The team states that, typically the way researchers test for viral activity is by infecting bacteria with the viral sample and then checking the samples a day later to look for signs that patches of the bacteria have been killed off. But these particular nontailed viruses often act more slowly, and the killed-off regions don’t show up until several days have passed — so their presence was never noticed in most studies.

Another important aspect of these findings is that the Autolykiviridae were shown to be members of an ancient viral lineage that is defined by specific types of capsids, the protein shell encasing the viral DNA. Though this lineage is known to be very diverse in animals and protists — and includes viruses such as the adenoviruses that infect humans, and the giant viruses that infect algae — very few viruses of this kind have been found to infect bacteria.

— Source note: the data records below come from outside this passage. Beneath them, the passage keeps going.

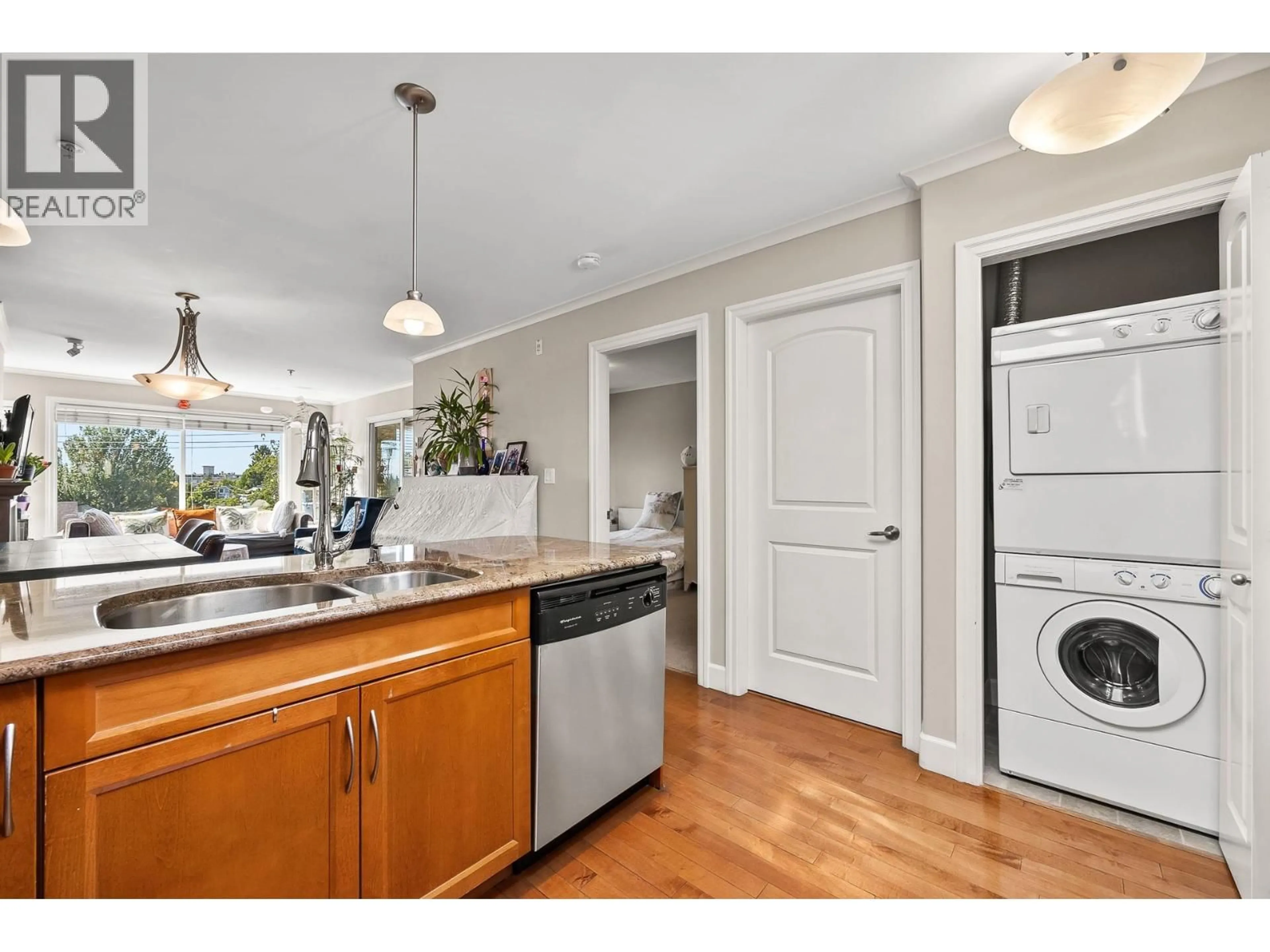 Open concept kitchen, unknown for 406 - 2103 45TH AVENUE, Vancouver British Columbia V6M2J2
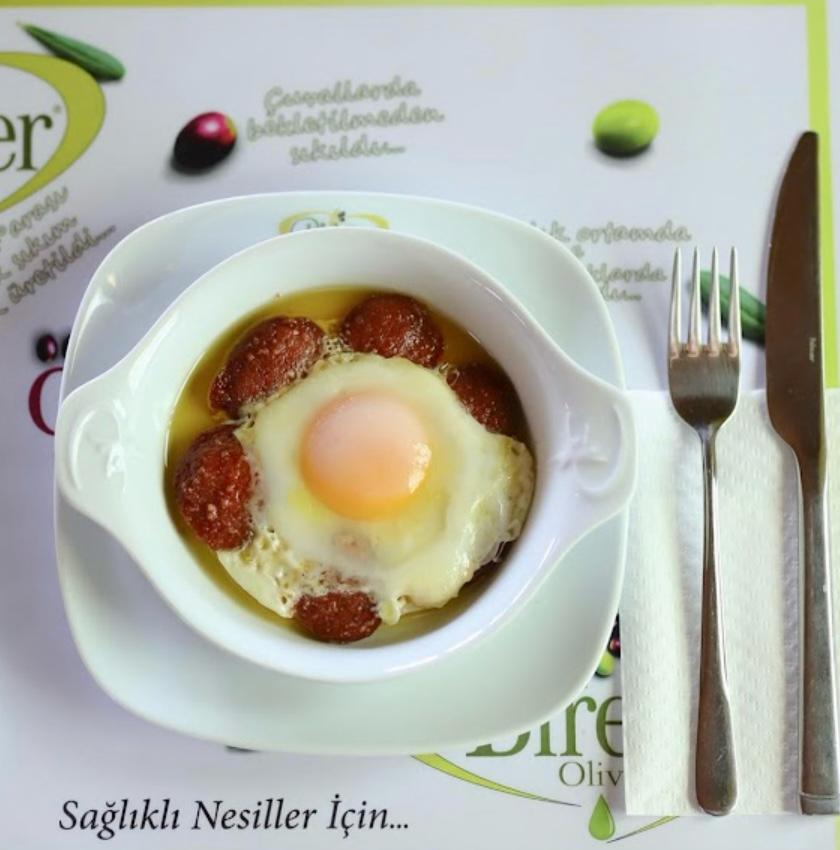 Sahanda Yumurta (Sucuklu)
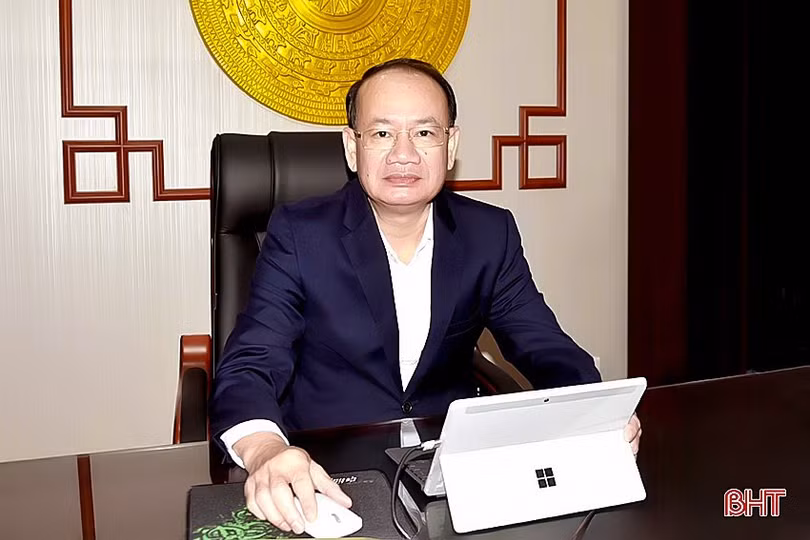 gd-phan-tan-linh-7062.jpg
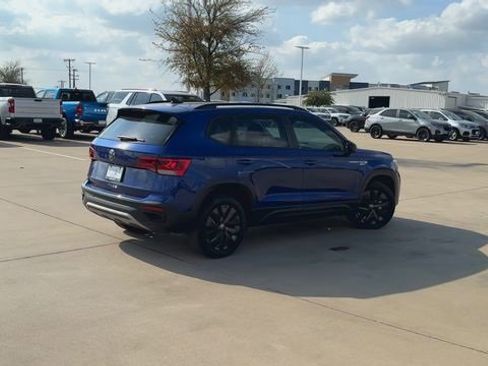 Used 2024 Volkswagen Taos S image 8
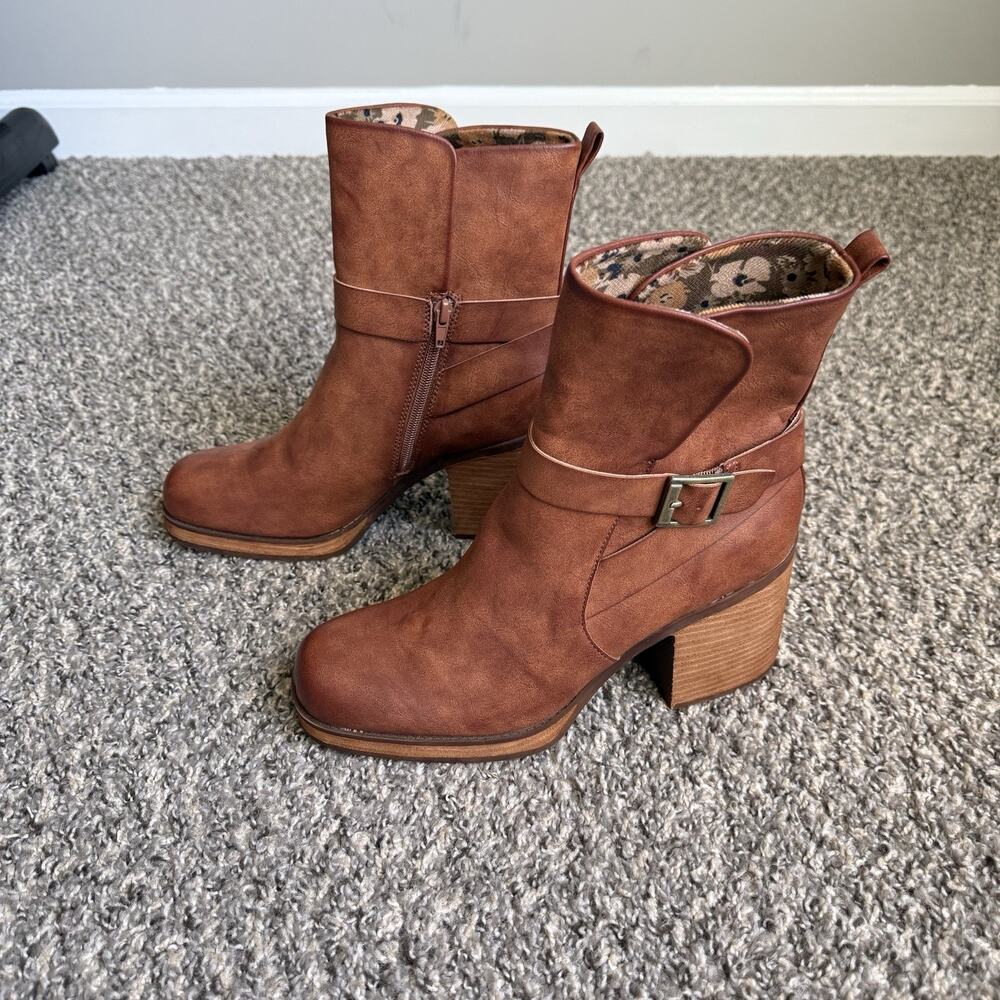 Korks Marci II Block Heel Boots Booties Brown Size 11 M Chunky Mid Calf New - Picture 2 of 8
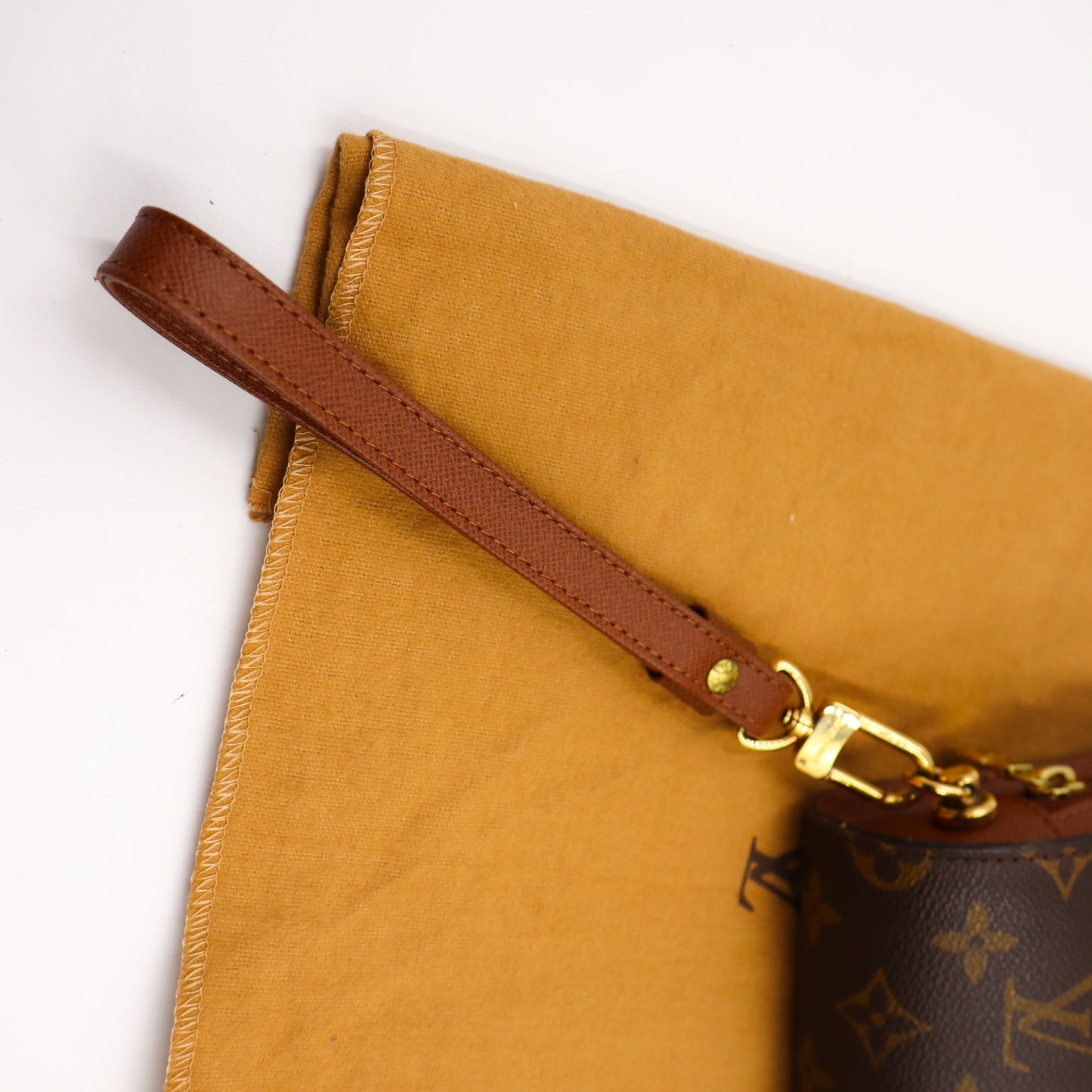 Louis Vuitton Orsay Clutch Monogramm - 1135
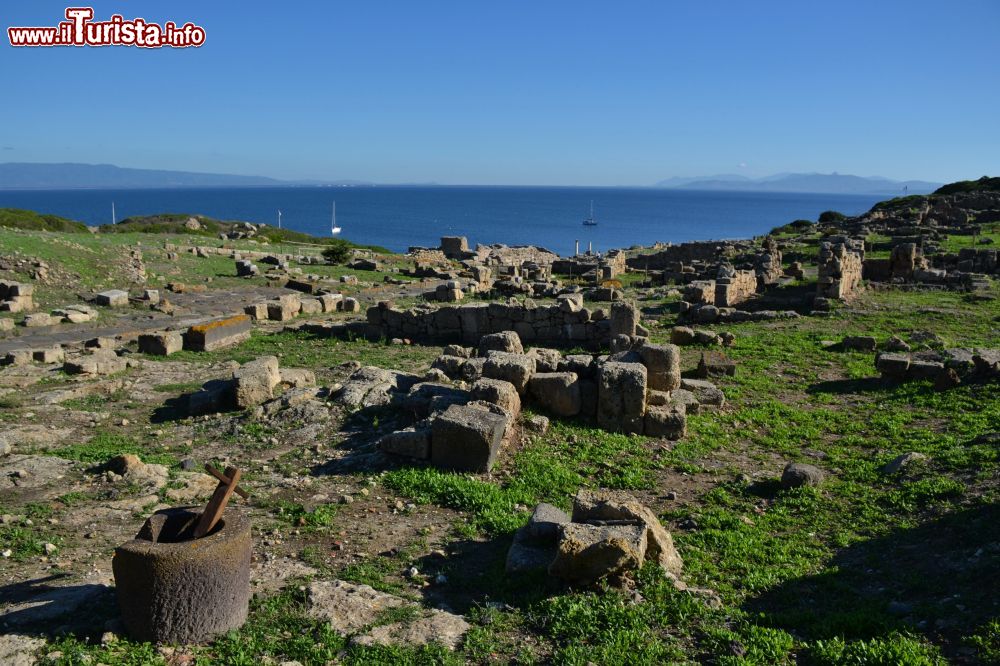 Immagine I resti dell'antica città di Tharros, in località San Giovanni di Sinis (Comune di Cabras, Sardegna).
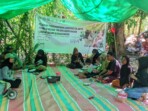 Peserta pelatihan agroforestri di Desa Adow, Kecamatan Pinolosian Tengah, mempraktikkan penanaman pohon dalam sistem pertanian berkelanjutan, Minggu (2/11/2025). Kegiatan ini digelar oleh WCS bersama BKSDA Sulawesi Utara dan didukung oleh GGGI serta Japesda. Fal/TN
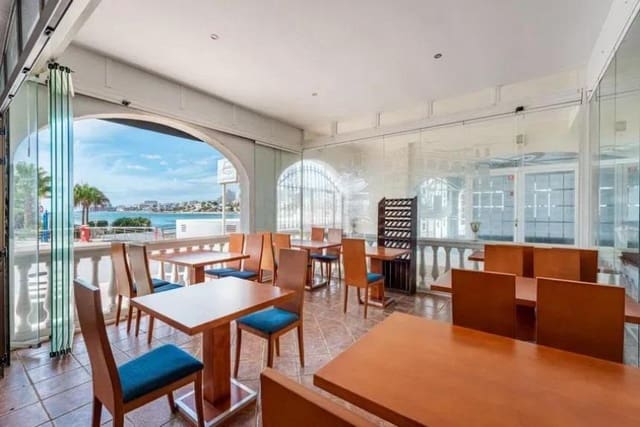 Comercial para arrendar em Puerto Marina, Benalmádena - 2 500 € (Ref: 8814474)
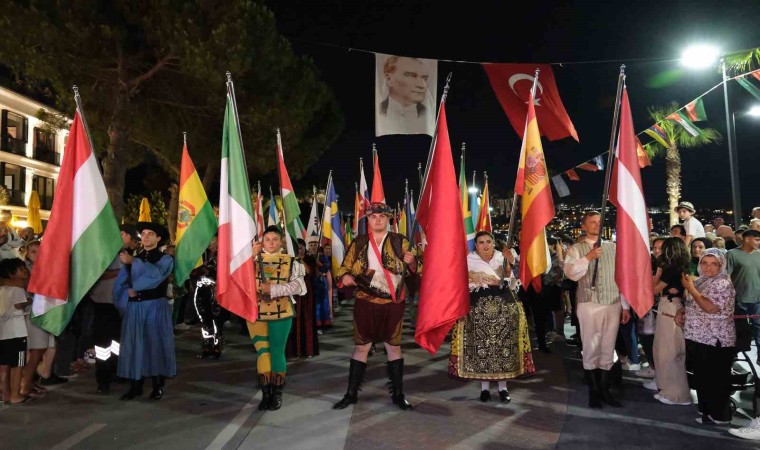 100 ülkenin katıldığı festival Rio Karnavalını aratmadı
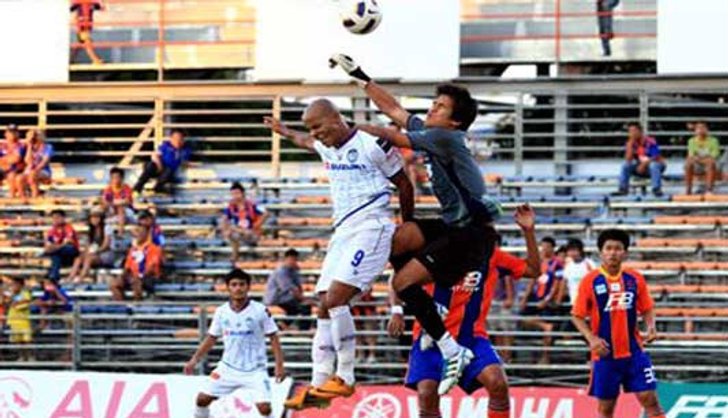 อารอนแฮตทริก!พาศรีราชาบุกอัดท่าเรือ 3-1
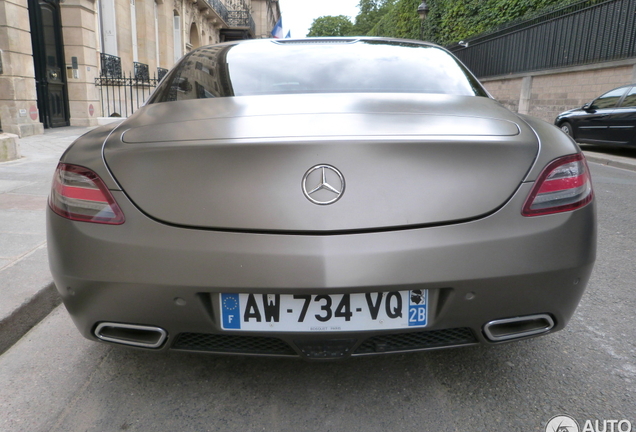 Mercedes-Benz SLS AMG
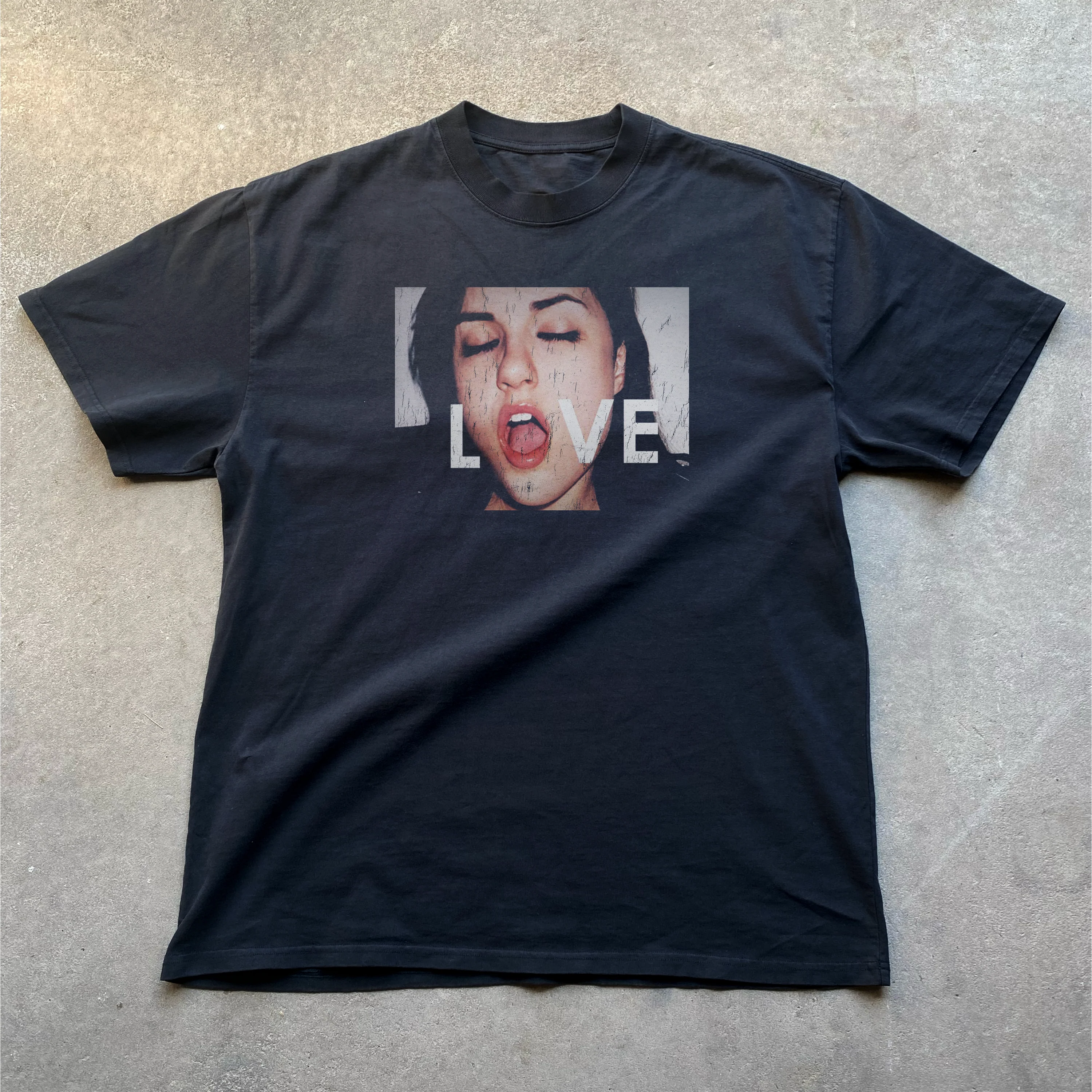 Love Heavyweight Black T-Shirt - Image 3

“This work substantially changes the existing ideas on the composition of the ocean virome by showing that the content of small, tailless viruses … is comparable to that of the tailed viruses … that are currently thought to dominate the virosphere,” says Eugene V. Koonin, a senior investigator at the National Institutes of Health, who was not involved in this research. “This work is important also for understanding the evolution of the virus world because it shows that viruses related to the most common viruses of eukaryotes (such as adenoviruses, poxviruses, and others), at least in terms of the capsid structure, are much wider-spread in prokaryotes than previously suspected.”

Koonin adds, “I further wonder whether the viruses reported here might only represent the tip of the proverbial iceberg, because capsid proteins can be highly diverged in sequence so that many are missed even in sensitive database searches. The findings are also of practical importance because the tailless viruses appear to play a major ecological role in the ocean, being responsible for a substantial fraction of bacteria-killing.”